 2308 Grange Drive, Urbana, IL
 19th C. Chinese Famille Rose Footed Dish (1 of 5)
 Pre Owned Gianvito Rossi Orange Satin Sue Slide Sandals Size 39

========

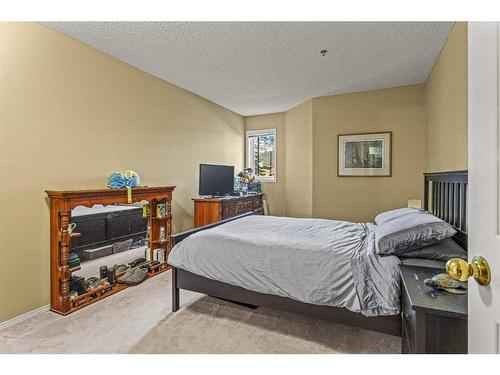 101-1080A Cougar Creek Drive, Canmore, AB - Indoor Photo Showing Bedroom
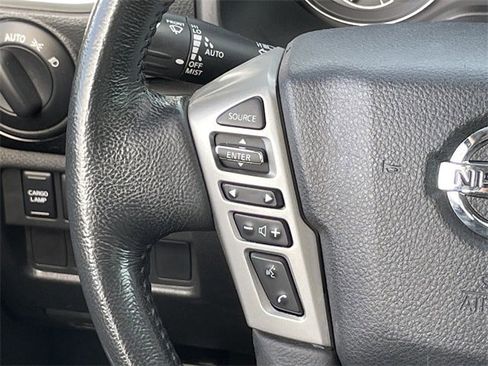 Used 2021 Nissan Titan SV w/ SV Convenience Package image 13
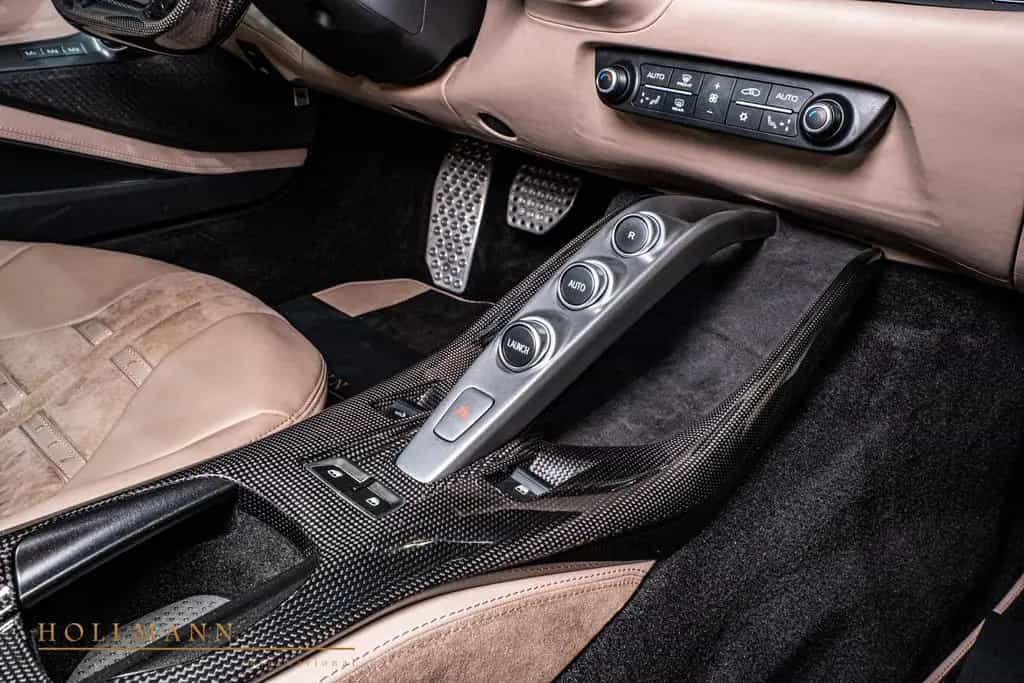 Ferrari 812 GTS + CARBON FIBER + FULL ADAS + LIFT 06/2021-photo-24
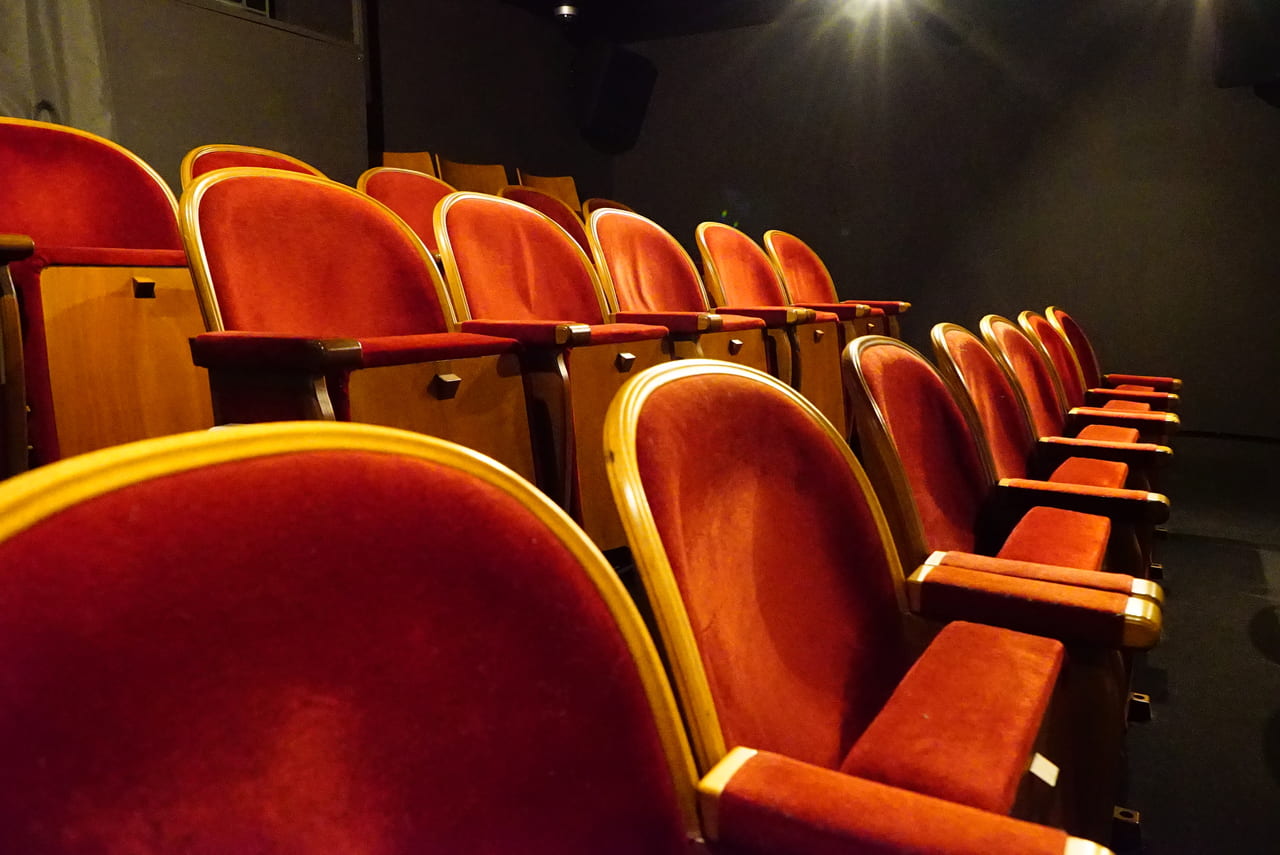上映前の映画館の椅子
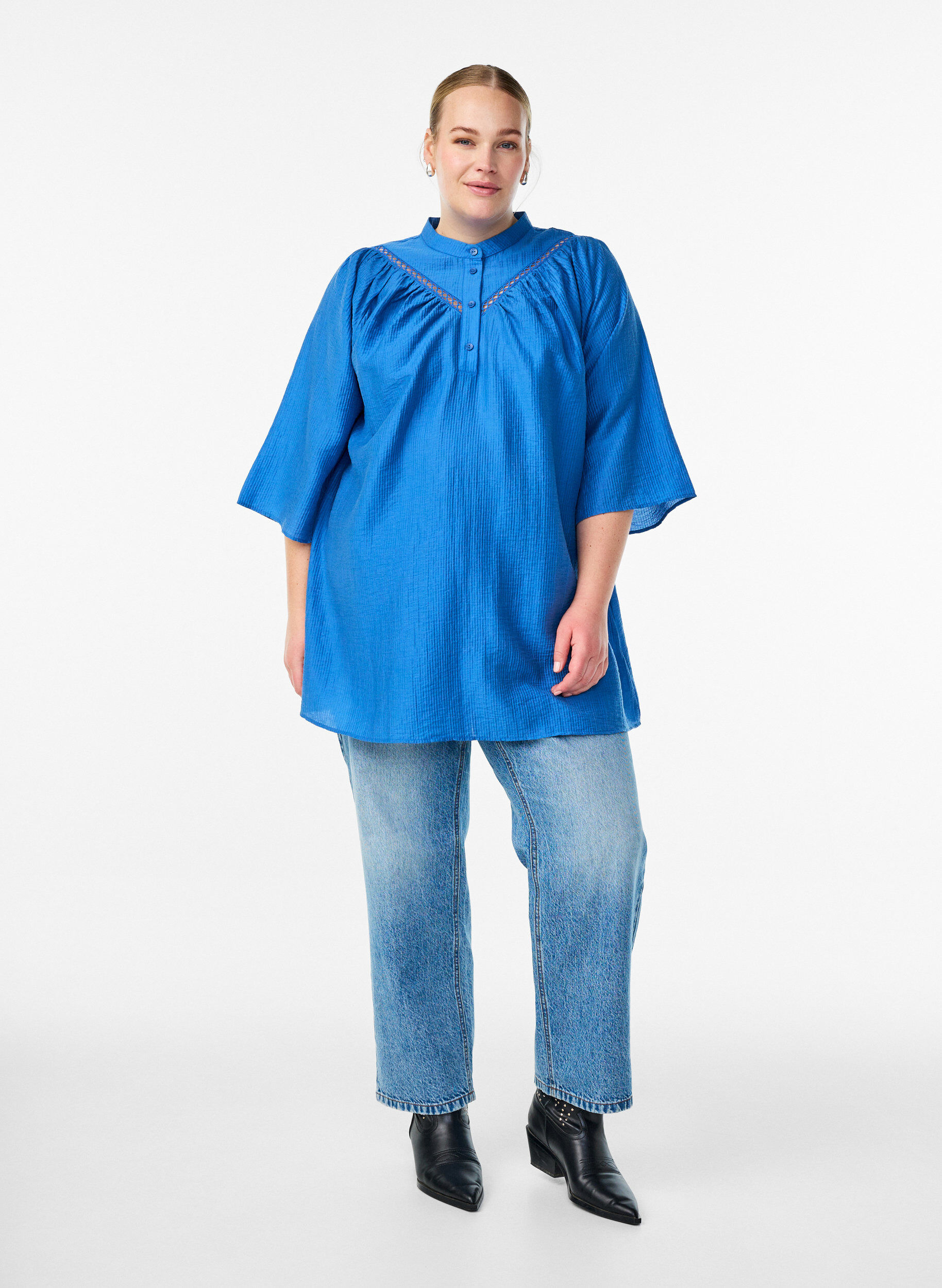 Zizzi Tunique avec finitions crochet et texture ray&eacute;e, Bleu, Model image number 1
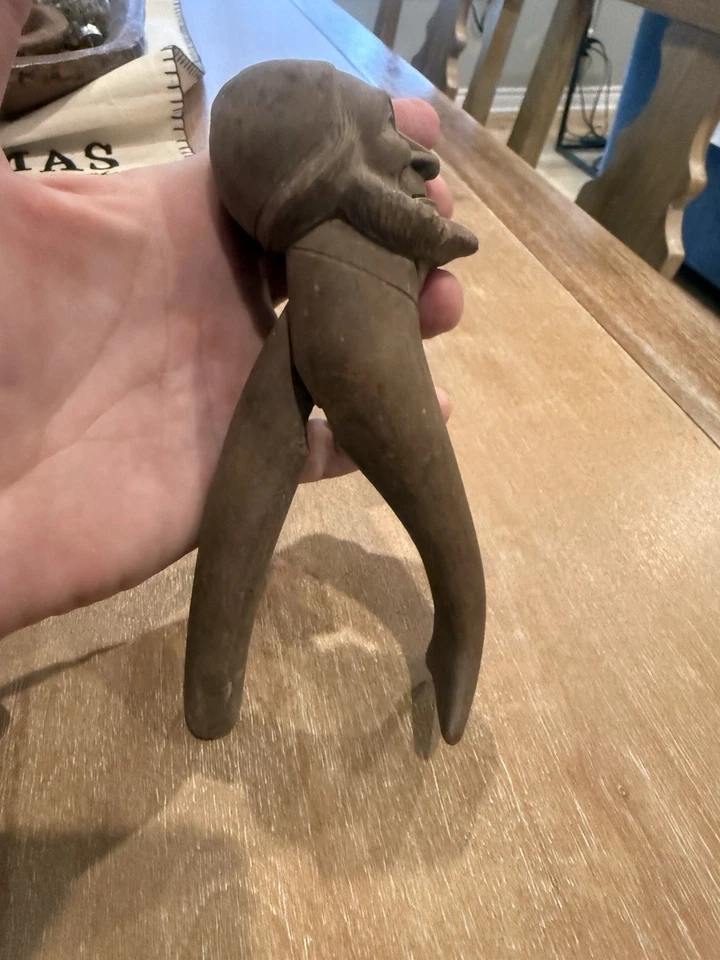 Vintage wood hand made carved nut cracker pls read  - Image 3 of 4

========

Task requirements >> Among the records above, locate the line containing "Zizzi Tunique avec" and the line containing "Vintage wood hand", then transcribe exactly the lines starting at the first and ending at the second, with no pictures.

Answer >>
 Zizzi Tunique avec finitions crochet et texture ray&eacute;e, Bleu, Model image number 1
 Vintage wood hand made carved nut cracker pls read  - Image 3 of 4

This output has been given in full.